IL ÉTAIT UNE FOIS À HOLLYWOOD
Grandes collectionneuses de bijoux, les stars de l’âge d’or du cinéma ont souvent porté leurs propres parures de diamants à l’écran.
ses bracelets Cartier en cristal de roche et diamants, Gloria Swanson les arborait par paires. À la ville comme à l’affiche.

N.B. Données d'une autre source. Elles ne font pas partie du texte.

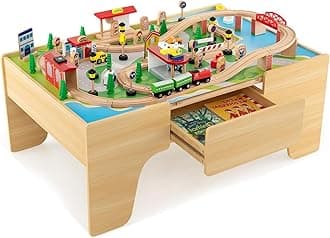 Costzon Train Table, 3-in-1 Wooden Train Set Table with Reversible 84 PCS Track Train Toys, Table Map & Storage Drawer for Building, Playing, Studying, Eating, Kids Activity Table for Toddlers Aged 3+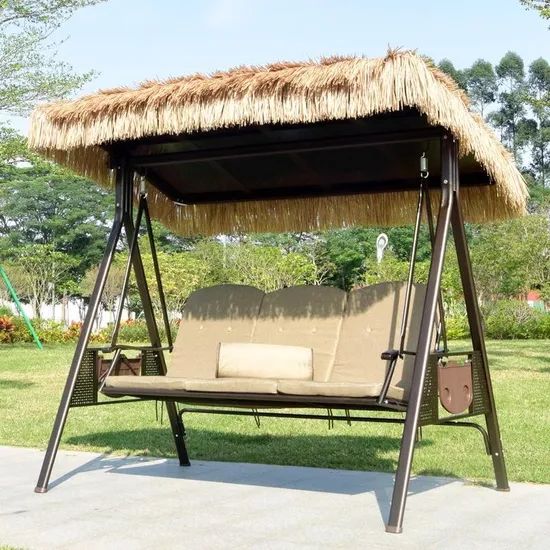 New Simulated Straw Canopy Aluminum Frame Rustproof Outdoor Patio Swings Bed - Image 4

C’est en 1932 que la star du muet achète au joaillier de la rue de la Paix ces bijoux extensibles qui s’enfilent sans fermoir – les disques de cristal de roche étant montés ingénieusement sur un fil à ressort. L’actrice les aime tellement qu’elle ira jusqu’à les porter dans deux de ses films : Le Parfait Accord (Perfect Understanding), en 1933, puis Boulevard du crépuscule (Sunset Boulevard), en 1950, où elle les empile sur le même poignet. Leur structure volumineuse et leurs effets de transparence soulignés par les brillants conviennent parfaitement au noir et blanc d’alors. Sur la pellicule, leur éclat est accentué à la fois par les robes de satin blanc, les somptueux décors clairs et les lumières fortes, parfois jusqu’à l’éblouissement, des studios.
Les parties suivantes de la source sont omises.